At the end of the march, Jane spotted a Moroccan restaurant off to the left of us. Jane enthusiastically says “Let’s go eat and get warm!” She pulls me out of the marching masses and into the warmth of the place. She pushes her way to the bar where there were a few empty seats and we sat down and peeled off layers upon layers of soaking wet clothing.
It’s now that we really get to dig a little deeper into getting to know one another. She asks why I marched. I tell her it’s because I’ve been triggered by a sexual assault that took place when I was young, among the many other reasons such as that we still live in a society that supports racism, sexism, classism, ageism, etc., etc. She knows how I feel, she’s been fighting her entire life, protesting, being loud, bold and outspoken. A woman in a man’s world. Which is pretty awesome knowing that she was born in the 1940’s. But then she turns to me and says that she also knows about being triggered because she’s been sexually assaulted once and attacked and almost raped two other times.
Each incident was while she was traveling. One while taking a morning walk on the beach in Venezuela. One while bunking up in the Peace Corps. She said that she denied her assault until a few months ago because she let the man into her room. This man was also her friend who ended up forcing himself on her.
After dinner, we hugged (she paid, I fought it but she won), exchanged information and went our separate ways. There were so many people marching on Saturday, so many experiences had and lessons learned, or ignored (you can read more about intersectional feminism over at Bustle: Google Searches For Intersectional Feminism Are Skyrocketing So Now Seems Like A Good Time To Go Over What It Actually Means.
I’m so happy I marched alone (anxiety, isolation and all) and met Jane, two women coming together, who’ve traveled the world, are survivors of the men who oppress us still but brave and courageous enough to use our voice, our privilege, to fight for ourselves and every women, man and child on this planet because we believe it is the right thing to do. Personally, she made me finally feel like I wasn’t alone or isolated, that there are moments that bring us a sense of unity in periods of transition, even if only for a day.
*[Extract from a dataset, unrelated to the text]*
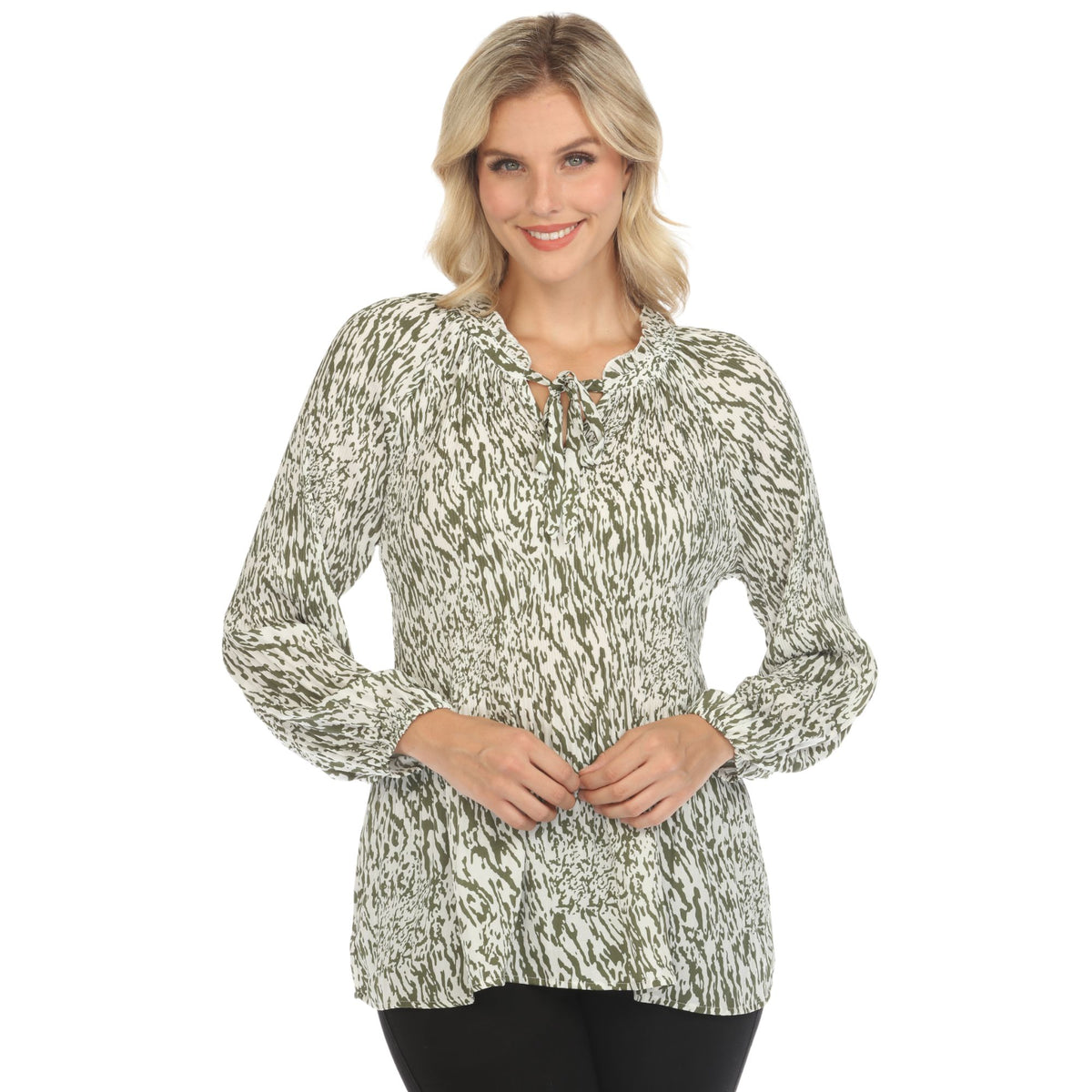 White Mark Women's Printed Peasant Blouse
She made me realize that one interaction, a mutual exchange of sisterhood, courageousness, bravery, and solidarity, can change lives.
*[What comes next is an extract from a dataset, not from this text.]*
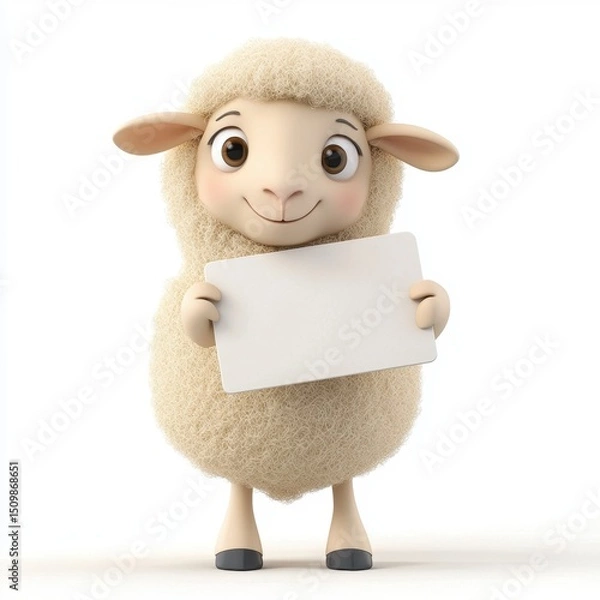 Obraz A cartoon sheep holding a white board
Like Jane said when texting her contact info, “It’s nice to meet you, Tiffany, on this most auspicious day.”
*Names changed for privacy
Tiffany Burnette is the Creative Director and Founder of Designhype, Inc., a company which combines two of her lifelong passions: design and travel. Tiffany has been a professor at Pratt Institute, teaching courses on design entrepreneurship. Being that both of her parents are entrepreneurs, Tiffany always knew she wanted to start her own business (or businesses). She’s a passionate women’s rights advocate and believes that the more women travel the more we can change the world. She holds a Master of Industrial Design from Pratt Institute and a Bachelor of Science in Industrial Design from The University of the Arts.